KOSPI Declines for Second Day
Profit-Taking After Recent Gains Weighs on Index
The KOSPI has been on a downward trend for the second consecutive day. Profit-taking selling following recent gains appears to be holding back the KOSPI, which is on the verge of recovering the 2600 level. With the debt ceiling issue, which had been affecting the stock market, entering its final stages, the market is expected to respond more sensitively to monetary policy and economic slowdown concerns ahead of the June U.S. Federal Open Market Committee (FOMC) meeting.
KOSPI Falls for Two Consecutive Days
As of 10:25 a.m. on the 1st, the KOSPI was at 2,570.98, down 6.14 points (0.24%) from the previous day. The KOSDAQ rose 3.19 points (0.37%) to 860.13. The KOSDAQ successfully reversed its initial decline to rise, but the KOSPI, after turning upward, fell back into a downward trend.
The decline appears to be influenced by the U.S. stock market's weakness due to profit-taking selling in AI-related tech stocks such as Nvidia.
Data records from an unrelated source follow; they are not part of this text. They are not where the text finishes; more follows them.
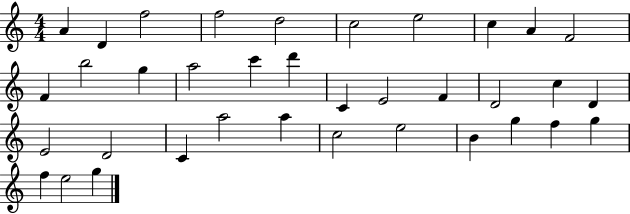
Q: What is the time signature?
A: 4/4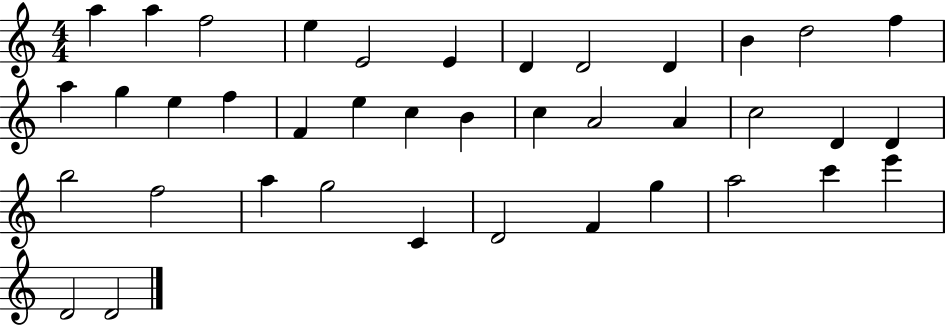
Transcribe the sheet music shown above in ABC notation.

X:1
T:Untitled
M:4/4
L:1/4
K:C
a a f2 e E2 E D D2 D B d2 f a g e f F e c B c A2 A c2 D D b2 f2 a g2 C D2 F g a2 c' e' D2 D2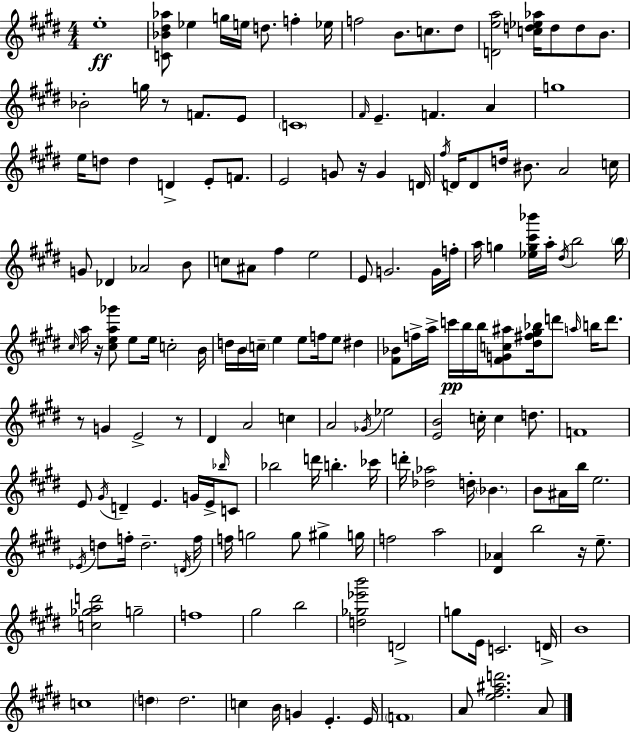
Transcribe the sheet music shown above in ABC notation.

X:1
T:Untitled
M:4/4
L:1/4
K:E
e4 [C_B^d_a]/2 _e g/4 e/4 d/2 f _e/4 f2 B/2 c/2 ^d/2 [Dea]2 [cd_e_a]/4 d/2 d/2 B/2 _B2 g/4 z/2 F/2 E/2 C4 ^F/4 E F A g4 e/4 d/2 d D E/2 F/2 E2 G/2 z/4 G D/4 ^f/4 D/4 D/2 d/4 ^B/2 A2 c/4 G/2 _D _A2 B/2 c/2 ^A/2 ^f e2 E/2 G2 G/4 f/4 a/4 g [_eg^c'_b']/4 a/4 ^d/4 b2 b/4 ^c/4 a/4 z/4 [^cea_g']/2 e/2 e/4 c2 B/4 d/4 B/4 c/4 e e/2 f/4 e/2 ^d [^F_B]/2 f/4 a/4 c'/4 b/4 b/4 [^FGc^a]/2 [^d^f^g_b]/4 d'/2 a/4 b/4 d'/2 z/2 G E2 z/2 ^D A2 c A2 _G/4 _e2 [EB]2 c/4 c d/2 F4 E/2 ^G/4 D E G/4 E/4 _b/4 C/2 _b2 d'/4 b _c'/4 d'/4 [_d_a]2 d/4 _B B/2 ^A/4 b/4 e2 _E/4 d/2 f/4 d2 D/4 f/4 f/4 g2 g/2 ^g g/4 f2 a2 [^D_A] b2 z/4 e/2 [c_gad']2 g2 f4 ^g2 b2 [d_g_e'b']2 D2 g/2 E/4 C2 D/4 B4 c4 d d2 c B/4 G E E/4 F4 A/2 [e^f^ad']2 A/2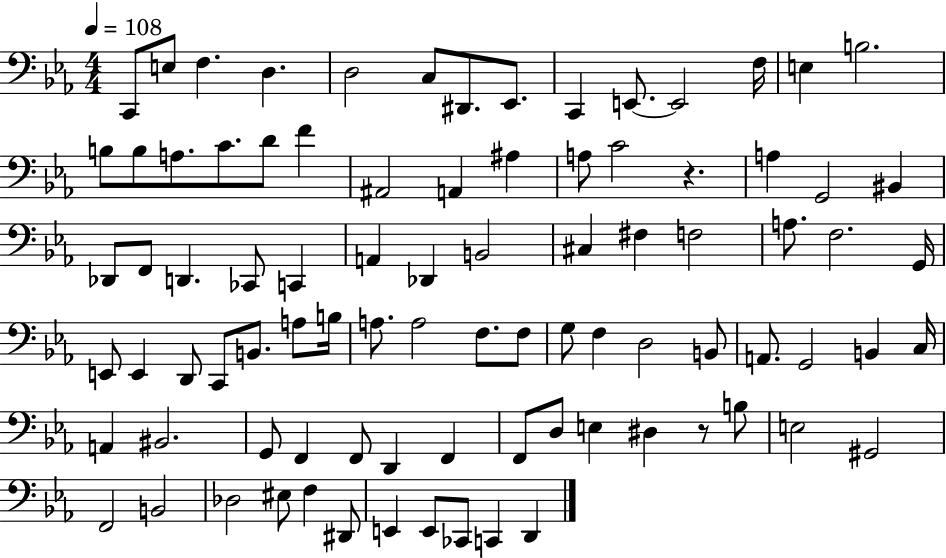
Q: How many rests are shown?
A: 2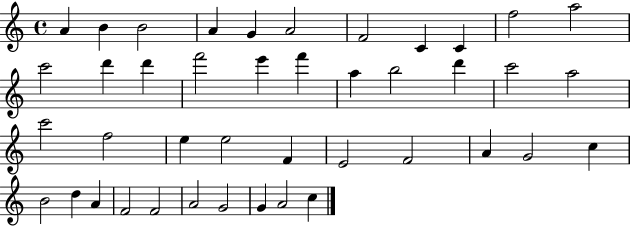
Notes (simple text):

A4/q B4/q B4/h A4/q G4/q A4/h F4/h C4/q C4/q F5/h A5/h C6/h D6/q D6/q F6/h E6/q F6/q A5/q B5/h D6/q C6/h A5/h C6/h F5/h E5/q E5/h F4/q E4/h F4/h A4/q G4/h C5/q B4/h D5/q A4/q F4/h F4/h A4/h G4/h G4/q A4/h C5/q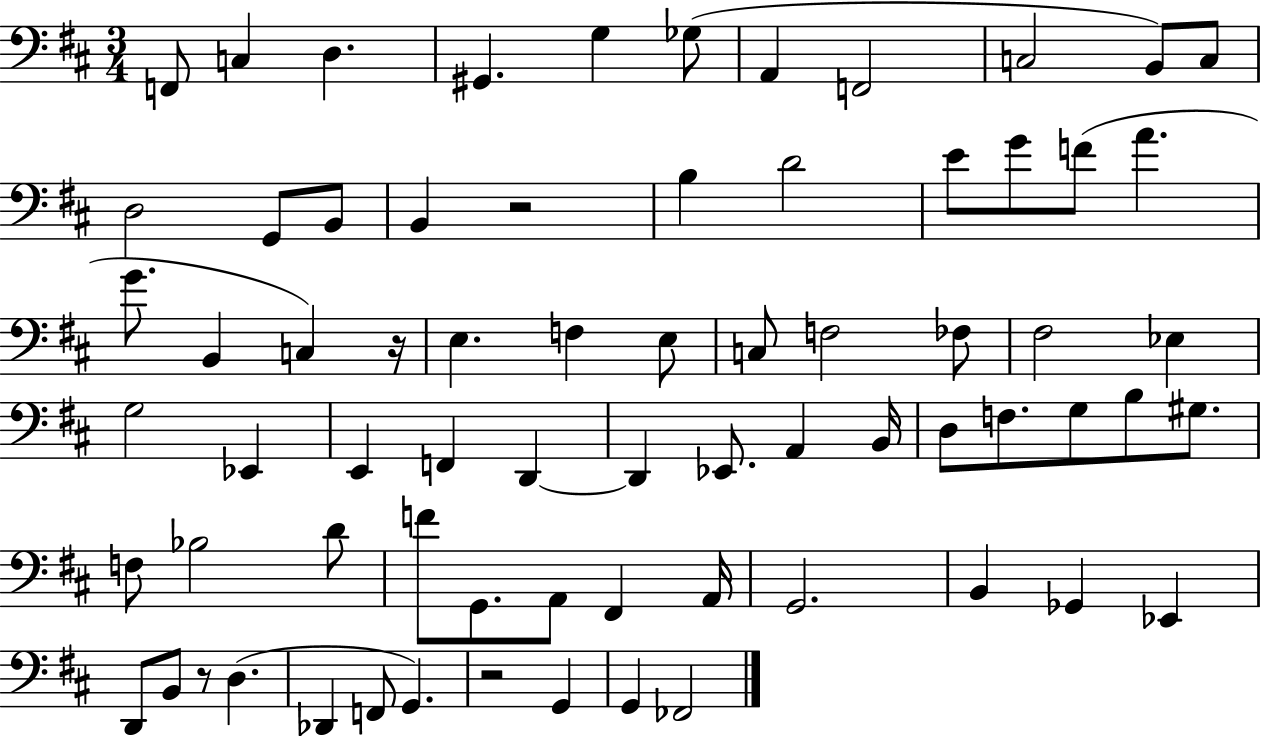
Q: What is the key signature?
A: D major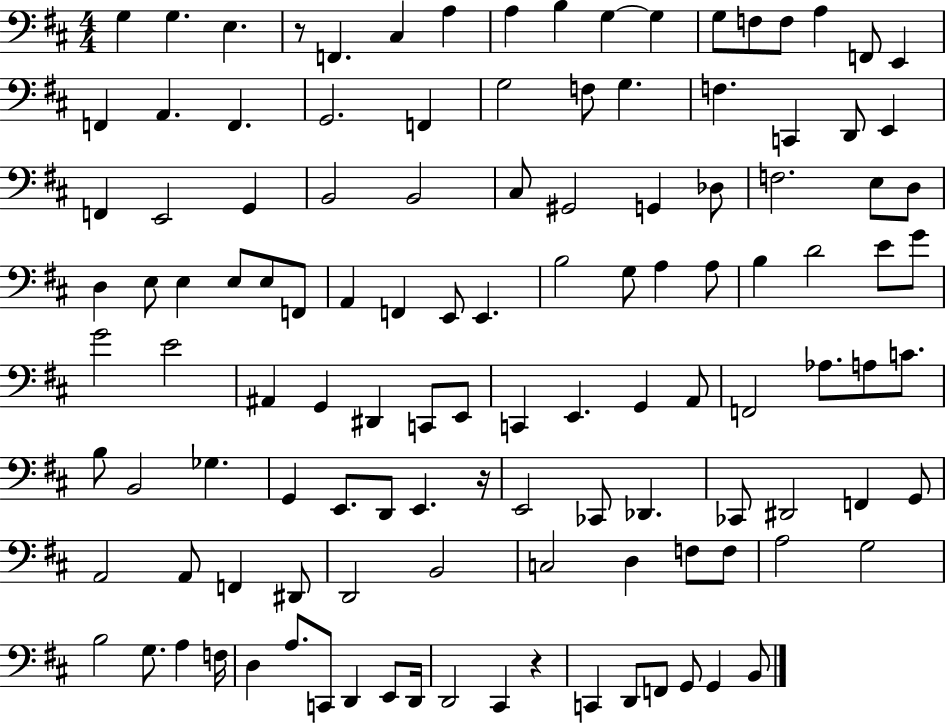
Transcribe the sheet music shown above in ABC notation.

X:1
T:Untitled
M:4/4
L:1/4
K:D
G, G, E, z/2 F,, ^C, A, A, B, G, G, G,/2 F,/2 F,/2 A, F,,/2 E,, F,, A,, F,, G,,2 F,, G,2 F,/2 G, F, C,, D,,/2 E,, F,, E,,2 G,, B,,2 B,,2 ^C,/2 ^G,,2 G,, _D,/2 F,2 E,/2 D,/2 D, E,/2 E, E,/2 E,/2 F,,/2 A,, F,, E,,/2 E,, B,2 G,/2 A, A,/2 B, D2 E/2 G/2 G2 E2 ^A,, G,, ^D,, C,,/2 E,,/2 C,, E,, G,, A,,/2 F,,2 _A,/2 A,/2 C/2 B,/2 B,,2 _G, G,, E,,/2 D,,/2 E,, z/4 E,,2 _C,,/2 _D,, _C,,/2 ^D,,2 F,, G,,/2 A,,2 A,,/2 F,, ^D,,/2 D,,2 B,,2 C,2 D, F,/2 F,/2 A,2 G,2 B,2 G,/2 A, F,/4 D, A,/2 C,,/2 D,, E,,/2 D,,/4 D,,2 ^C,, z C,, D,,/2 F,,/2 G,,/2 G,, B,,/2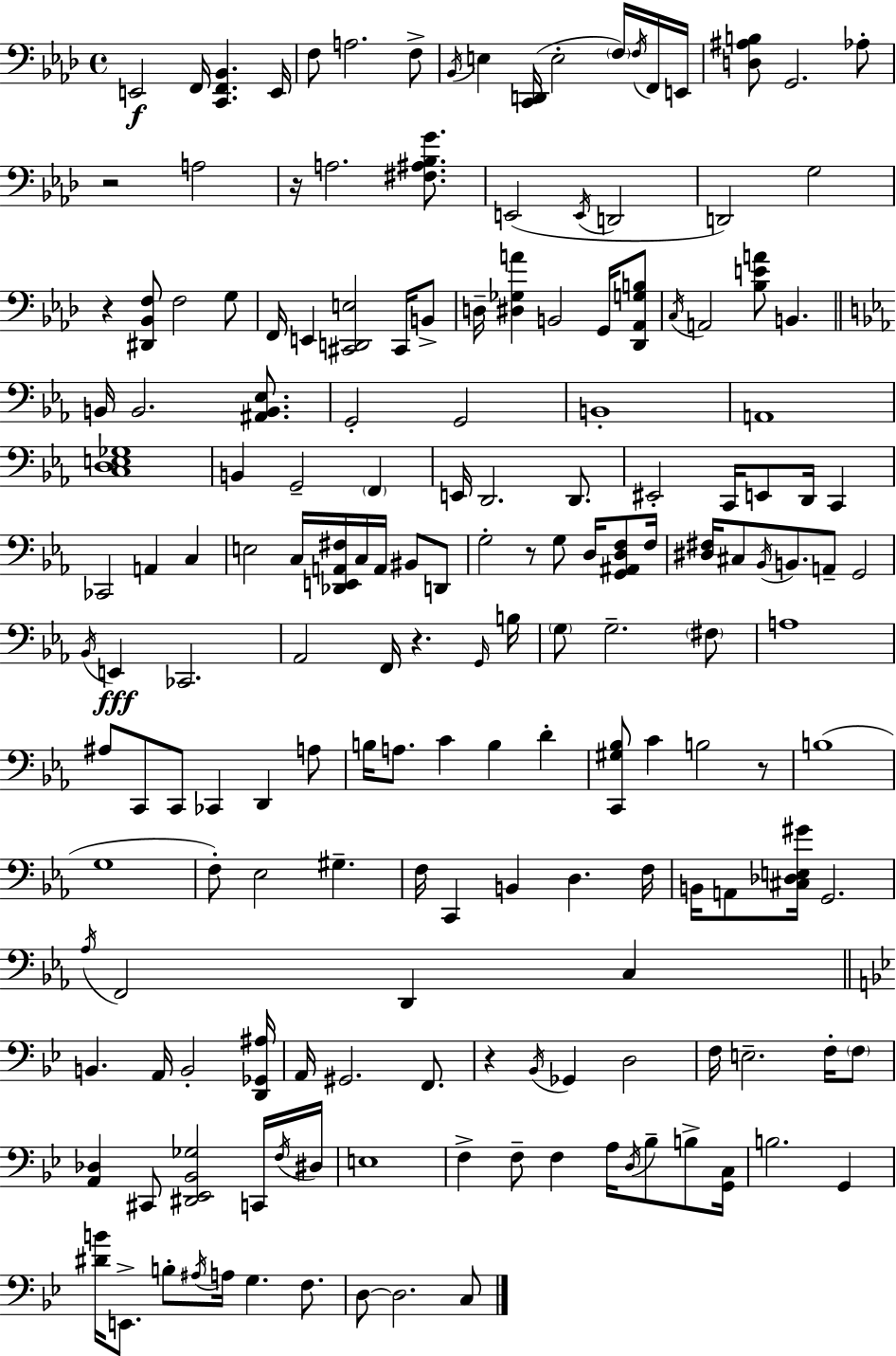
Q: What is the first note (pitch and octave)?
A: E2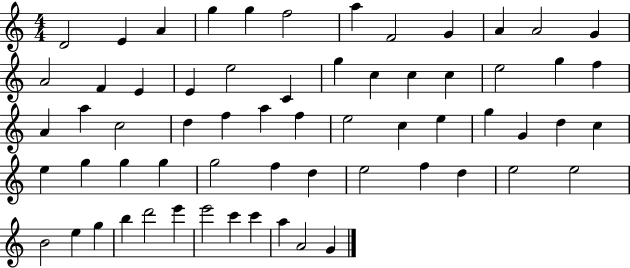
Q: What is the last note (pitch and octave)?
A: G4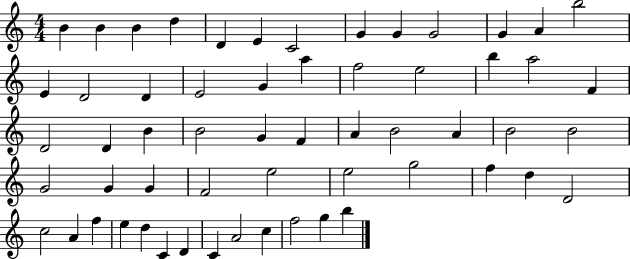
{
  \clef treble
  \numericTimeSignature
  \time 4/4
  \key c \major
  b'4 b'4 b'4 d''4 | d'4 e'4 c'2 | g'4 g'4 g'2 | g'4 a'4 b''2 | \break e'4 d'2 d'4 | e'2 g'4 a''4 | f''2 e''2 | b''4 a''2 f'4 | \break d'2 d'4 b'4 | b'2 g'4 f'4 | a'4 b'2 a'4 | b'2 b'2 | \break g'2 g'4 g'4 | f'2 e''2 | e''2 g''2 | f''4 d''4 d'2 | \break c''2 a'4 f''4 | e''4 d''4 c'4 d'4 | c'4 a'2 c''4 | f''2 g''4 b''4 | \break \bar "|."
}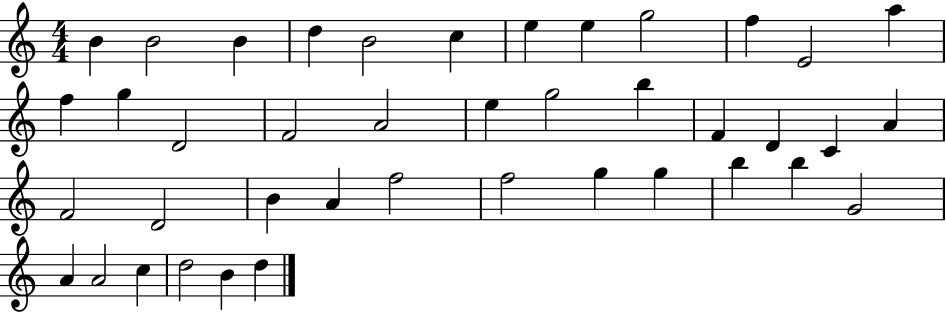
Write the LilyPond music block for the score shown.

{
  \clef treble
  \numericTimeSignature
  \time 4/4
  \key c \major
  b'4 b'2 b'4 | d''4 b'2 c''4 | e''4 e''4 g''2 | f''4 e'2 a''4 | \break f''4 g''4 d'2 | f'2 a'2 | e''4 g''2 b''4 | f'4 d'4 c'4 a'4 | \break f'2 d'2 | b'4 a'4 f''2 | f''2 g''4 g''4 | b''4 b''4 g'2 | \break a'4 a'2 c''4 | d''2 b'4 d''4 | \bar "|."
}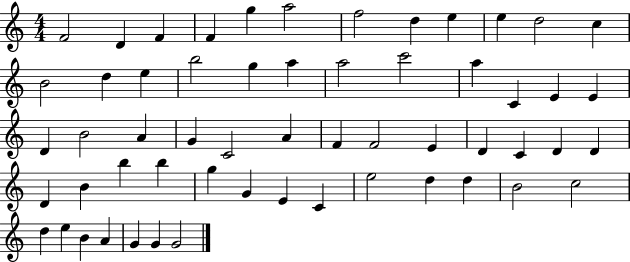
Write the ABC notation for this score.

X:1
T:Untitled
M:4/4
L:1/4
K:C
F2 D F F g a2 f2 d e e d2 c B2 d e b2 g a a2 c'2 a C E E D B2 A G C2 A F F2 E D C D D D B b b g G E C e2 d d B2 c2 d e B A G G G2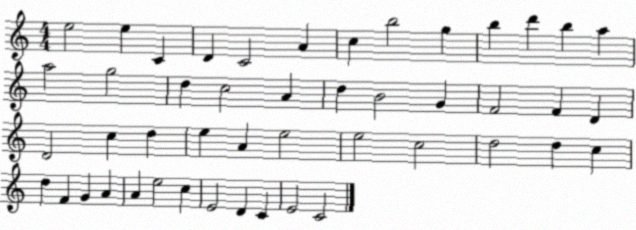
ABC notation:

X:1
T:Untitled
M:4/4
L:1/4
K:C
e2 e C D C2 A c b2 g b d' b a a2 g2 d c2 A d B2 G F2 F D D2 c d e A e2 e2 c2 d2 d c d F G A A e2 c E2 D C E2 C2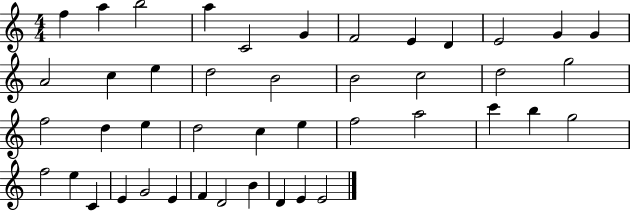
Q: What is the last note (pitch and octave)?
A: E4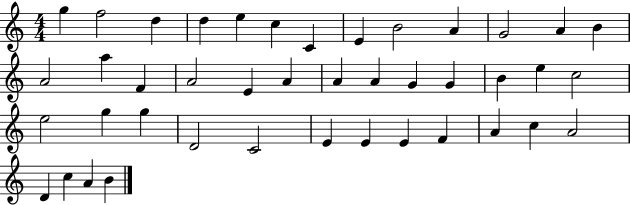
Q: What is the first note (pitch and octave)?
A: G5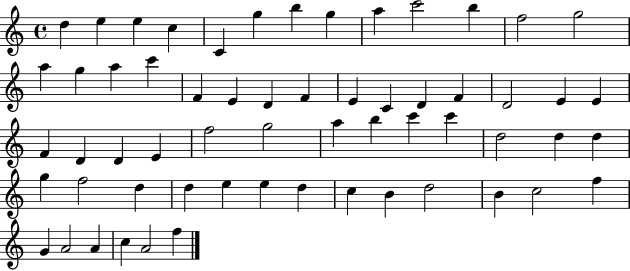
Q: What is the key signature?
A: C major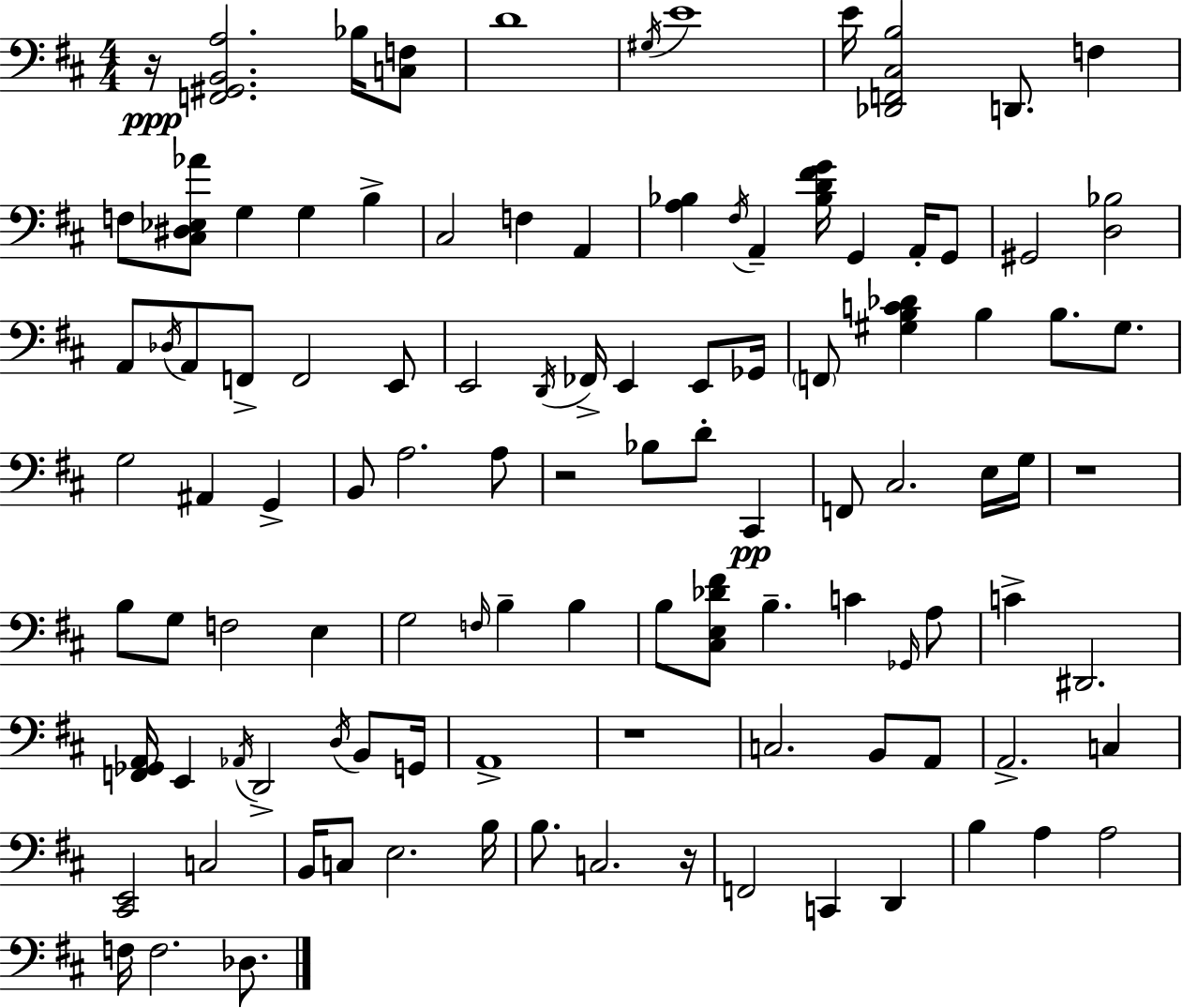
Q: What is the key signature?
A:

On the 31st (local time) at the New York Stock Exchange (NYSE), the Dow Jones Industrial Average fell 0.41%, the S&P 500 dropped 0.61%, and the Nasdaq declined 0.63% compared to the previous day.
Na Jung-hwan, a researcher at NH Investment & Securities, analyzed, "The recent profit-taking selling in tech stocks that had been strong due to AI industry expectations led to the three major New York indices closing lower. Nvidia (down 5.7%) and AMD (down 5.6%) saw significant price drops, causing the Philadelphia Semiconductor Index to fall 2.7%."
Accordingly, Samsung Electronics and SK Hynix were down 0.42% and 0.92%, respectively, on the day. Seo Sang-young, a researcher at Mirae Asset Securities, explained, "The U.S. stock market's decline, reflecting recession concerns and profit-taking selling after recent gains, is a burden on the domestic market. In particular, attention should be paid to the fact that Micron did not raise its guidance, Hewlett-Packard's weak sales, and Ambarella's poor earnings, which are negative factors for the semiconductor sector and may increase the desire for profit-taking."
With the debt ceiling negotiations nearing resolution, the stock market is expected to be influenced by variables such as monetary policy and economic slowdown concerns. Han Ji-young, a researcher at Kiwoom Securities, said, "The debt ceiling increase bill passed the House Rules Committee and is likely to pass the House vote, reducing political uncertainty. This could stimulate risk appetite, but the market is expected to continue to coexist with caution regarding existing macroeconomic variables such as Federal Reserve tightening and the economy."
Market Attention on Interest Rate Path to Increase Ahead of FOMC
The market currently expects the June FOMC to hold rates steady. According to the CME FedWatch tool, the probability of a rate hold in June jumped sharply from the previous day's 33% range to the 72% range. Conversely, the probability of an additional 0.25 percentage point hike dropped from the 65% range to the 27% range.
Market attention is focused on the June FOMC, the last major event of the first half of the year and one that will influence the stock market direction in the second half. Among Fed officials, opinions on the direction of interest rates are divided. Since mid-May, hawkish figures such as James Bullard, President of the Federal Reserve Bank of St. Louis, have emphasized the need for further hikes, but Philip Jefferson, nominated as the next Fed Vice Chair, and Patrick Harker, President of the Philadelphia Fed, expressed the view that skipping a rate hike in June would be appropriate.
One researcher noted, "The fact that Jefferson and Harker used the term 'skipping' rather than 'pausing' or 'ending' suggests that even if rates are held steady in June, the possibility of hikes remains open in subsequent meetings. While this could trigger a market correction that had priced in the end of Fed tightening, the Beige Book released the previous day mentioned slowing employment growth in most regions, increased loan delinquencies in some areas, moderate wage growth, and easing inflation, indicating limited room for further Fed hikes."
There is a low likelihood that tightening concerns will materialize this month. Labor Gil, a researcher at Shinhan Investment Corp., said, "The Fed does not see an immediate need for further rate hikes amid uncertainty about the real economy impact of tighter lending standards. Since there has not been enough time to confirm data to justify rushing tightening, the likelihood of tightening concerns materializing in June is low."